DATA UNDER STUDY:
%%

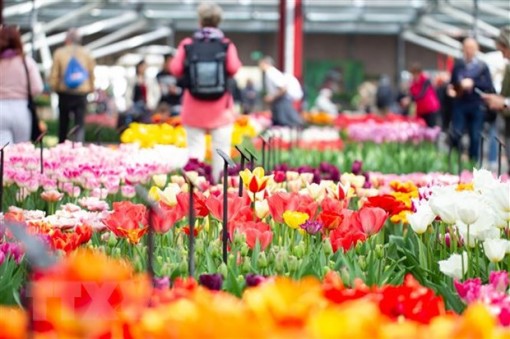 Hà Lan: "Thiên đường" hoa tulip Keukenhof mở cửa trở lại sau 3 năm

%%
%%

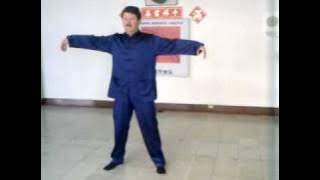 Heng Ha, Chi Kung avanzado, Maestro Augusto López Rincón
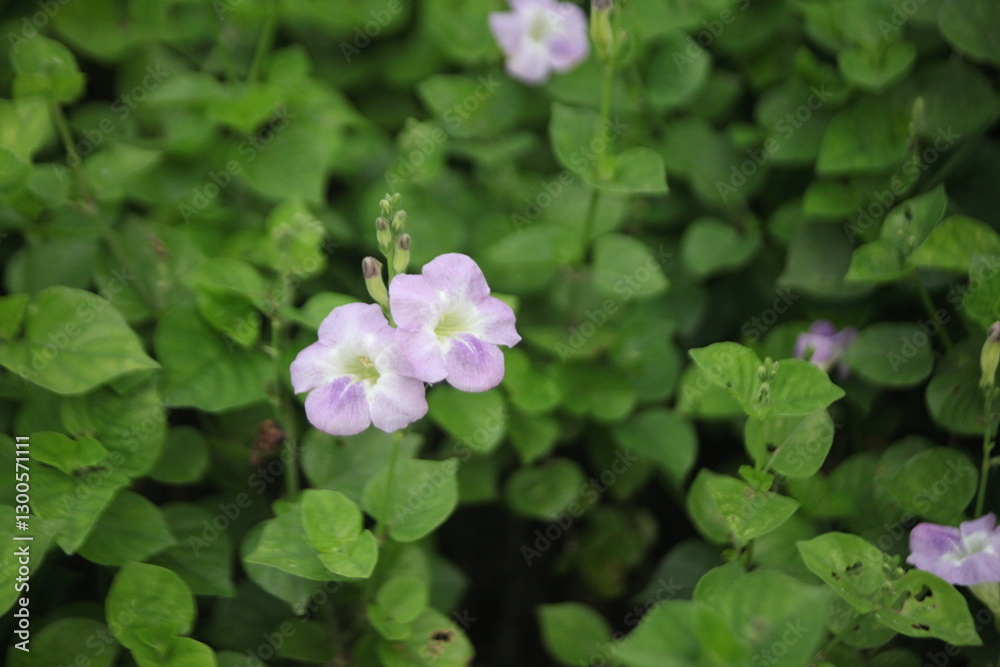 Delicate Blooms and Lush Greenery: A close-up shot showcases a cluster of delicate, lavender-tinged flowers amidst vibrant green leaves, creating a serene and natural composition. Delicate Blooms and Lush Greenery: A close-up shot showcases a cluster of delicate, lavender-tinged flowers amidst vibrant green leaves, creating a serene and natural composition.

%%

Output only the stretch above from the line with "Heng Ha, Chi" through the line with "natural composition. Delicate", reproduced exactly. Exclude pictures.

EXPECTED ANSWER:
 Heng Ha, Chi Kung avanzado, Maestro Augusto López Rincón
 Delicate Blooms and Lush Greenery: A close-up shot showcases a cluster of delicate, lavender-tinged flowers amidst vibrant green leaves, creating a serene and natural composition. Delicate Blooms and Lush Greenery: A close-up shot showcases a cluster of delicate, lavender-tinged flowers amidst vibrant green leaves, creating a serene and natural composition.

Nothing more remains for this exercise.